Is it fair to cut R40 million dedicated for eradicating pit latrines in schools to protect 15 000 supernumerary
Eskom employees? Is it fair to ask millions of South Africans to pay higher electricity prices, higher VAT and higher fuel prices to pay for the effects of years of mismanagement and cadre deployment in the state?
Is it fair to ask the domestic worker who can only dream of air travel to bailout to SA Airways? Is it fair to make the unemployed mother pay for the free higher education of the middle class while that mother cannot afford to send her own child to crche?
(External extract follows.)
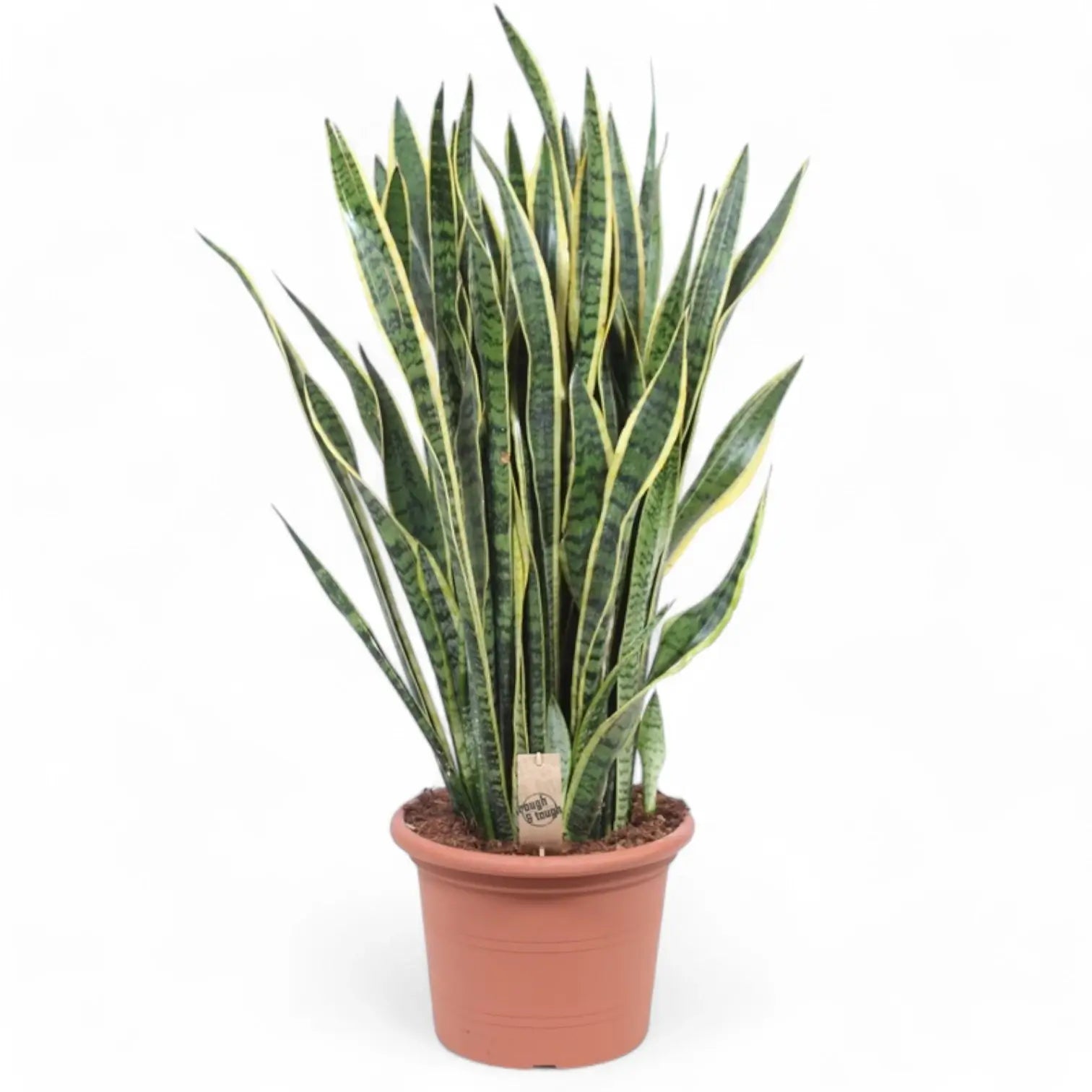 Dracaena (Sansevieria) trifasciata 'Laurentii' potted houseplant in nursery pot on white background, product photo 15.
Is it fair that police stations do not have rape evidence collection kits, as Mr Whitfield has so boldly exposed, but 29 000 millionaire managers in the public service have got salary increases of 10% a year for a decade? That is not fair!
In fact, my colleague, Mr Macpherson told me this morning of a public servant in the National Empowerment Fund who earned R6 million this year. [Interjections.] These are the real trade-offs this government has chosen to make, and they are simply ethically indefensible. They are not
only unfair and wrong, but they are also financially unsustainable.
In recent days, we have heard the argument that the solution is to borrow even more in the vain hope that spending more will boost growth. Even the Parliamentary Budget Office, PBO, which should be giving us MPs responsible and credible advice on the Budget, has shamefully propagated this argument.
This is a ludicrous argument. Every rand we borrow requires more rands in future to pay off interest. That's fine when national debt is low, but those days are long gone in South Africa.
The fact is that we are now spending more on interest than we spend on education and healthcare. We are spending triple on interest than we spend on policing. We are using your credit card to pay off our overdraft, and then we are going to Capitec to borrow more money to buy groceries. This is the path of certain economic destruction, and we must not go down it any further.
I'm pleased that everyone in the finance committee agrees with this. I really associate myself and congratulate the chairperson on the fine speech that he has just given. I agree 100% with his comments around debt unsustainability and the public service.
We need big, bold decisions to save our essential public services from collapsing under the weight of our public debt. That is why the DA has proposed a credible plan to cut Rl68 billion from the public wage bill by focusing cuts on the 29 000 millionaire managers in the civil service - the people that earn R6 million per year - while protecting the true heroes of the civil service: Nurses, teachers, doctors, social workers, police officers and other front line delivery staff. [Applause.]
We have proposed a three-year wage freeze for all millionaire managers and a head count reduction of 9 200 non-front-line staff. If we did this, these savings would rein in the deficit, bring down debt and free up funds that would otherwise have been spend on interest, for spending on investment in critical infrastructure or social protection.
This is the only credible plan on the table that delivers fairness, and we hope the Minister will consider it seriously. I assure him that he will have the support of this whole House if he does so. Thank you. [Applause.]